Cette colonie de jeunes filles dans ce lycée catholique est le prétexte pour aborder l'histoire d'un pays fraichement indépendant, ses relations avec la Belgique, le point de vue des Blancs sur l'Afrique et ses habitants. C'est aussi l'occasion pour nous, lecteurs occidentaux, d'avoir une ouverture sur un pays connu presque uniquement pour ses massacres de 1994. Nous le voyons du point de vue de ses habitants, ce qu'un rwandais ne doit pas dire, pas faire, comment doivent se comporter les jeunes filles, les femmes dans cette société.

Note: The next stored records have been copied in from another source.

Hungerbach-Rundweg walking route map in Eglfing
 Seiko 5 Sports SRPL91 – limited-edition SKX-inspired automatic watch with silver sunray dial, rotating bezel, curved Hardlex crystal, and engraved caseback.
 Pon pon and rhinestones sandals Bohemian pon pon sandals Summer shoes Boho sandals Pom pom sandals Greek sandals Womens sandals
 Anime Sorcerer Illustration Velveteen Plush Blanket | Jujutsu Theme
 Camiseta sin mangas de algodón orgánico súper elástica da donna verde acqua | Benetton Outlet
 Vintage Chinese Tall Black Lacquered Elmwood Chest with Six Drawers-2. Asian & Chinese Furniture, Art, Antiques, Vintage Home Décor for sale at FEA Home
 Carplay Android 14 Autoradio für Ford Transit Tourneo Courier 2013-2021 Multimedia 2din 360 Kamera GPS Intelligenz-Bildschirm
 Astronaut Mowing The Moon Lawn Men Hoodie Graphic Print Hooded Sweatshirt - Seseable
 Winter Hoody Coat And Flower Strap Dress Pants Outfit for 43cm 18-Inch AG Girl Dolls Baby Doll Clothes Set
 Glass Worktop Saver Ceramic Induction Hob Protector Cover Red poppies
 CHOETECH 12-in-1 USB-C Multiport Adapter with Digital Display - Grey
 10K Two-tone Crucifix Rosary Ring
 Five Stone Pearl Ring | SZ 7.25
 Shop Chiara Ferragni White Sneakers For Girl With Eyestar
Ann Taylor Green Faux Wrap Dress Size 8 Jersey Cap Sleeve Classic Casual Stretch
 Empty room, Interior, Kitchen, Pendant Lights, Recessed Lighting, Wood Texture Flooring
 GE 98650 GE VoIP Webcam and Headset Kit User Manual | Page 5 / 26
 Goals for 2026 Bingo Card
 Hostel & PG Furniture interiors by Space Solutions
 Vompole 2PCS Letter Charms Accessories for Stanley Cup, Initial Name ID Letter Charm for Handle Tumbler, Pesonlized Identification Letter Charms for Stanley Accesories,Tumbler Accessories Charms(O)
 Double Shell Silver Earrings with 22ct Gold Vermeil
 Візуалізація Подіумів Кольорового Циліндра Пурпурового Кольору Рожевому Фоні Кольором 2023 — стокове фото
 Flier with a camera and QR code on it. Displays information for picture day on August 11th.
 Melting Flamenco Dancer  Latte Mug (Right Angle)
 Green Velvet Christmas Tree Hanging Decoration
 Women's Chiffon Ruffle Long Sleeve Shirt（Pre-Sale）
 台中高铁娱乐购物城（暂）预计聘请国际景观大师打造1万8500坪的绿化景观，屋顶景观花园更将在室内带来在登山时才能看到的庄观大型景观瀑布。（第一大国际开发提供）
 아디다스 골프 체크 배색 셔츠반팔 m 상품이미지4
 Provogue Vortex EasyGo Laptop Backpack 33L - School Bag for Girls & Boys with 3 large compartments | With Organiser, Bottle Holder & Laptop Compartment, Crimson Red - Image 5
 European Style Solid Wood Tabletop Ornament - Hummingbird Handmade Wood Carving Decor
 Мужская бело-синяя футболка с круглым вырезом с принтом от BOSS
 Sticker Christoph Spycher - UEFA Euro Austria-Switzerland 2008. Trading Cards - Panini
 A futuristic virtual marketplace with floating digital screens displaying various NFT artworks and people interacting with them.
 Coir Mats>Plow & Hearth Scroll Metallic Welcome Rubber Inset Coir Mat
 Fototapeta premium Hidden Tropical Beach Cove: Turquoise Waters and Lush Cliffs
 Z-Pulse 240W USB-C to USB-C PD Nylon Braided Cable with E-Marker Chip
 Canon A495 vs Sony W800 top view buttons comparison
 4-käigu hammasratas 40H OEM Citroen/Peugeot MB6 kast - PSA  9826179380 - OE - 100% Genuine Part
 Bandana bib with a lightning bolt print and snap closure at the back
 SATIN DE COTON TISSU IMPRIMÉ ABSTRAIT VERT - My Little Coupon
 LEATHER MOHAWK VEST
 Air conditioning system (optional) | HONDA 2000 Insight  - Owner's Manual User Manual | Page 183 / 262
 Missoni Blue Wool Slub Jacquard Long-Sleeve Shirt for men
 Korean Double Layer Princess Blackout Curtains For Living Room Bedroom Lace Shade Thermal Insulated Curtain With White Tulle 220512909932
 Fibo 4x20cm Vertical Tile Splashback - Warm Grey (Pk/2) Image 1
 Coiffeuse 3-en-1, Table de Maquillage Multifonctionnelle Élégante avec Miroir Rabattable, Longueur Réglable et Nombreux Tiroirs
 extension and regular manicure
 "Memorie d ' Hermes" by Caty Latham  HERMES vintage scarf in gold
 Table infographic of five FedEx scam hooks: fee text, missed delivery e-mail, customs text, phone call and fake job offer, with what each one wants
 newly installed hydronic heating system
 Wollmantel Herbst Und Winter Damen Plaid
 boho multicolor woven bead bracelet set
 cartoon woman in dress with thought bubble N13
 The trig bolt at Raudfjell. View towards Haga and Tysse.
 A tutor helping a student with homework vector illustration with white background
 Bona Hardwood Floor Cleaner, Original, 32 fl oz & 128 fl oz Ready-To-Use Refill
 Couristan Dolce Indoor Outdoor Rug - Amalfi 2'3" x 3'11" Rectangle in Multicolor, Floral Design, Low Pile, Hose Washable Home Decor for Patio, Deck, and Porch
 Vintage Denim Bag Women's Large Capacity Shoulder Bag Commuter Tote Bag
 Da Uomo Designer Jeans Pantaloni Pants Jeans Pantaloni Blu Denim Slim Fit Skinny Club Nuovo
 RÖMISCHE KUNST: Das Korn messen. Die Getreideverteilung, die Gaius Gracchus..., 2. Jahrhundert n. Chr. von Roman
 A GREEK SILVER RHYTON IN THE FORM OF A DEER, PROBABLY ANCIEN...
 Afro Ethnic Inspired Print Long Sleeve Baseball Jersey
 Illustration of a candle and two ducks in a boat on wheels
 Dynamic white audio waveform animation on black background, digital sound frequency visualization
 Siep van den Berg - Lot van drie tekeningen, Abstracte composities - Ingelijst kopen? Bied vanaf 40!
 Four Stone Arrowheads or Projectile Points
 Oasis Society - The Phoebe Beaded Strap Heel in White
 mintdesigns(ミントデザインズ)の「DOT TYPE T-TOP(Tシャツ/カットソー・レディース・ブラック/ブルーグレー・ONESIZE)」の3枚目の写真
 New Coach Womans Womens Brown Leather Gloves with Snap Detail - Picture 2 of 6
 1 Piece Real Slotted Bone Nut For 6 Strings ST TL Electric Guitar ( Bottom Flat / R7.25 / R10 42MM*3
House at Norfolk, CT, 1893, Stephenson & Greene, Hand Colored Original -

Tout cela apparait en filigrane à travers les propos des jeunes personnes, et les remarques des religieuses de ce pensionnat.
Ces paroles font ressortir aussi le climat politique de l'époque, et les relations que ce pays entretenait alors avec les Blancs. Nous voyons de quelle façon ceux-ci considèrent ces ‘'sauvages''. Il est question de donner aux jeunes filles des habitudes ‘'civilisées'', de leur faire manger des aliments dignes de ce nom (du corned-beef).
Mais tout n'est pas rose au milieu de ces adolescentes. Gloriosa, Véronica, Modesta, Virginia, Immaculée, Goretti. Tous ces prénoms innocents cachent des personnalités variées, et surtout une querelle raciste loin de s'éteindre. A l'image du pays, le pensionnat accueille un quota de tutsi (10%) au milieu d'une majorité de ‘'vrais rwandais'' que sont alors les hutus de l'époque. Gloriosa, fille d'un homme politique hutu extrémiste, va distiller le venin dans le lycée, et conduire à la chasse aux tutsis, au prix de multiples mensonges, qui arrangent les dirigeants locaux. le tout se termine par une chasse aux jeunes filles tutsis, tragique pour certaines d'entre elles. Un pogrom qui n'est qu'une répétition de ce qui se passera moins de trente plus tard.
Un beau roman, qui a valeur de témoignage, et qui est un moyen pour l'auteur d'honorer la mémoire de ceux qu'elle a perdus.